Publié le 21 avril 2023
[Illustration : Attribué à Rustici, Giovanni Francesco, Archer en position de tir, XVIe siècle, Paris, Musée Carnavalet, Collection en ligne, Paris Musées ]
Le musée gay de Berlin est un musée geré par la communauté queer à Berlin. Créé dans les années 80, le musée a une histoire intéressante et s’est donné de nouveaux objectifs au fil des années. Heiner Schulze, membre du conseil d’administration, a répondu à nos questions pour nous faire découvrir le musée et ses stratégies actuelles.
Alors que nous commencions l’entretien, le personnel arrivant au musée a découvert que quelqu’un avait tiré sur la façade. Un acte qui nous rappelle que les musées abordant ces sujets font toujours face à des actes de haine.

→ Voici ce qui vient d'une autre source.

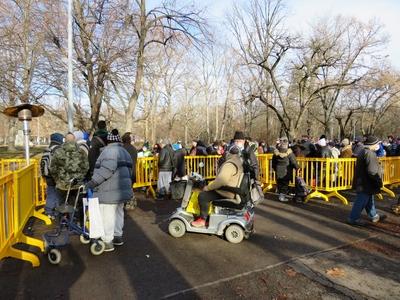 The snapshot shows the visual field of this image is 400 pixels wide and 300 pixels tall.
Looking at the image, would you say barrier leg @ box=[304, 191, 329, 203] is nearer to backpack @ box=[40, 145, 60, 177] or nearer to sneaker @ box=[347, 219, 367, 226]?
sneaker @ box=[347, 219, 367, 226]

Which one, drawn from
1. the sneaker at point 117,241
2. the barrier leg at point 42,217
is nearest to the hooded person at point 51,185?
the barrier leg at point 42,217

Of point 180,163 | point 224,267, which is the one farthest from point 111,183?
point 180,163

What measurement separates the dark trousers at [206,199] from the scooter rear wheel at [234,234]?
0.50m

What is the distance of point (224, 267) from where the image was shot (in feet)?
17.2

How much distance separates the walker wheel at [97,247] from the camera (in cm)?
576

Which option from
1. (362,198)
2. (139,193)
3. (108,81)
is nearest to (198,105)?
(108,81)

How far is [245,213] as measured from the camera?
6637 millimetres

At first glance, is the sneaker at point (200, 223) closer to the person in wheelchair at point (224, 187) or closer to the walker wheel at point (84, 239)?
the person in wheelchair at point (224, 187)

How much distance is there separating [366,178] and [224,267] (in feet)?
13.0

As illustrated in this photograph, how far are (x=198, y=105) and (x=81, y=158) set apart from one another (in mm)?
53131

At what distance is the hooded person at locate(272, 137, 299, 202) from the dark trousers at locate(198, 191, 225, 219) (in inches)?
174

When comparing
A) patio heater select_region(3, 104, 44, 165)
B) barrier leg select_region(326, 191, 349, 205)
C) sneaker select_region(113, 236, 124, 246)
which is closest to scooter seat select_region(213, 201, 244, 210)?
sneaker select_region(113, 236, 124, 246)

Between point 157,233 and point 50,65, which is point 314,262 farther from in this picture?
point 50,65

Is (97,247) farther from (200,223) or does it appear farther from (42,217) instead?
(42,217)
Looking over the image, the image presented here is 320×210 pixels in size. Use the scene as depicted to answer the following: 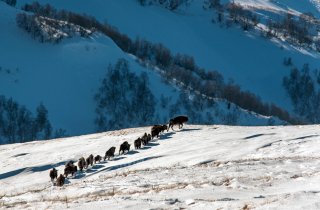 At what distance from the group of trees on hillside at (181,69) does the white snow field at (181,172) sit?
381 ft

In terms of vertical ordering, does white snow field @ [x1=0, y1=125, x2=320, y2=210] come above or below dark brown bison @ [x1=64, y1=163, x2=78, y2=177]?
above

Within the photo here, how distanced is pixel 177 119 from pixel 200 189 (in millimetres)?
22445

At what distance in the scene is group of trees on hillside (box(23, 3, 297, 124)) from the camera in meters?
167

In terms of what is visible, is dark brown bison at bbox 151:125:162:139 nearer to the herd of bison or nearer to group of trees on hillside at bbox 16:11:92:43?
the herd of bison

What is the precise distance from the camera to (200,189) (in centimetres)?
1773

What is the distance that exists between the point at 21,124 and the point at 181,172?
9948 cm

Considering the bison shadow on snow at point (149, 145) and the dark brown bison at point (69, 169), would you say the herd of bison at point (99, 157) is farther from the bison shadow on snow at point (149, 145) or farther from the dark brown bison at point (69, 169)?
the bison shadow on snow at point (149, 145)

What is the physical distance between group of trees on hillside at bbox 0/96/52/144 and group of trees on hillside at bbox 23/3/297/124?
43614 mm

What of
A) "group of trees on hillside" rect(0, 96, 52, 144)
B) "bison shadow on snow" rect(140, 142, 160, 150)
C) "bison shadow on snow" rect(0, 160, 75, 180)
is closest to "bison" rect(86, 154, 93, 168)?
"bison shadow on snow" rect(0, 160, 75, 180)

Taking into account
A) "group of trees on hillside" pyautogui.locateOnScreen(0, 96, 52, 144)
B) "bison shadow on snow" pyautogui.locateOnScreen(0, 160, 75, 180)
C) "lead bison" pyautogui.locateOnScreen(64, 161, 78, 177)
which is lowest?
"group of trees on hillside" pyautogui.locateOnScreen(0, 96, 52, 144)

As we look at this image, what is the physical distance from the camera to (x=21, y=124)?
119125 millimetres

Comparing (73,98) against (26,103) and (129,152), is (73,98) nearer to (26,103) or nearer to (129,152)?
(26,103)

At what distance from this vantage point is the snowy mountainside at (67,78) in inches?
5079

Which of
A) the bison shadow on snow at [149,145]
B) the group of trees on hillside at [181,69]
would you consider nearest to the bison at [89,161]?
the bison shadow on snow at [149,145] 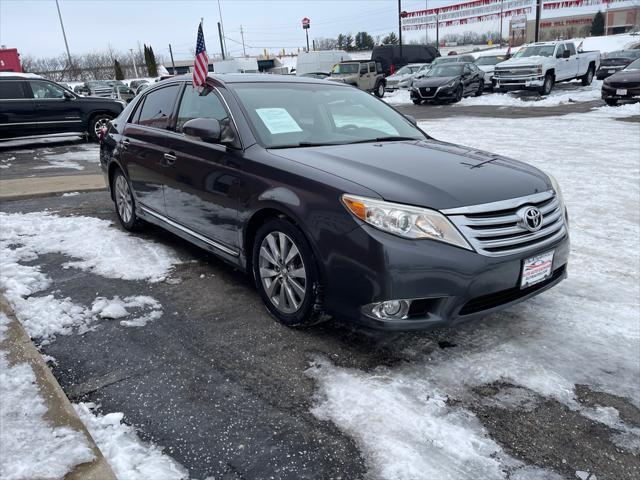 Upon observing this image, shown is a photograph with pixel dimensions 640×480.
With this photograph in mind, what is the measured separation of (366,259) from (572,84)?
27518 millimetres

L’article est disponible en anglais ici.
Julie Besson: Pouvez-vous vous présenter, ainsi que le musée ?
Heiner Schulze: Je suis chercheur en sciences sociales et je travaille dans une université de Berlin. Je suis investi dans le musée depuis huit ans environ. Au début, j’étais bénévole dans la bibliothèque. Depuis 2016, j’ai été élu membre du conseil d’administration.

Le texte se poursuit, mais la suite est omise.